AMERICAN RACING’S WORST EMEMY IS ITSELF

Safety of jockeys and horses has been the dominant theme of American racing in 2019.  A rash of breakdowns at Santa Anita, capped off with a fatal injury in the Breeders’ Cup Classic, rightfully put a harsh spotlight on the entire racing enterprise.

No one cause is responsible for fatalities, but hard data point to track surface as a major contributor.  The Jockey Club’s Equine Injury Database is quite revealing in this regard.

Among racetracks that provided statistics to the Equine Injury Database from 2009 through 2018, the horse fatality rate per thousand starts averaged, over the 10-year period, 1.97 on dirt and 1.47 on turf. 
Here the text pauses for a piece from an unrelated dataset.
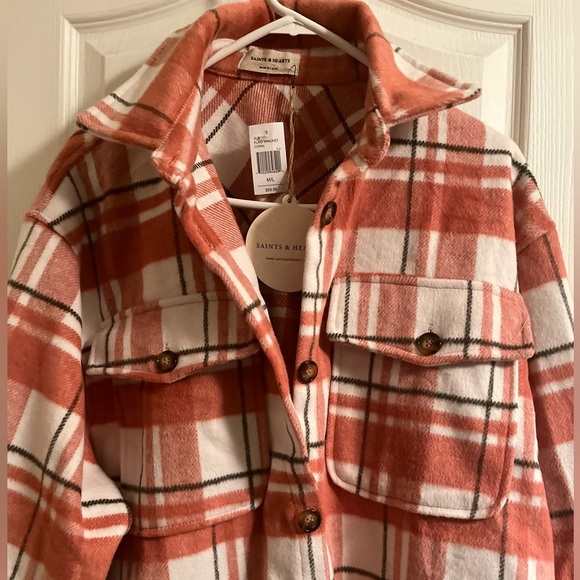 Saints & Hearts plaid oversized Shacket - Picture 5 of 10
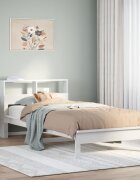 vidaXL Легло с етажерка за книги без матрак 100x200 см бор масив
Five North American racetracks have synthetic surfaces.  Arlington Park in Chicago is one of them, but the track does not make public its fatality statistics.  The other four tracks reported average fatalities per thousand starts from 2009 through 2018 as follows:

Golden Gates Field (Tapeta surface), 1.37
Presque Isle Downs (Tapeta surface), 0.95
Turfway Park (Polytrack surface), 1.2
Woodbine (Polytrack surface from 2009-2015), 1.02
Woodbine (Tapeta surface from 2016-2018), 0.965

Two inferences:  First, Synthetic surfaces reduce horse fatalities, thereby also reducing risk for jockeys.  Second, the Tapeta surface has slightly bested the Polytrack surface in terms of safety.

If American horse racing is to provide a more humane product, replacing dirt tracks with synthetic surfaces is the place to start.  Yet three high-profile racetracks, Del Mar, Keeneland, and Santa Anita, did the reverse: replacing synthetic surfaces with dirt tracks, in spite of the known elevated safety risks. They have done great damage to the industry in which they are leaders.  And prominent tracks like Churchill Downs, Saratoga, and Belmont Park are also at fault in keeping dirt surfaces.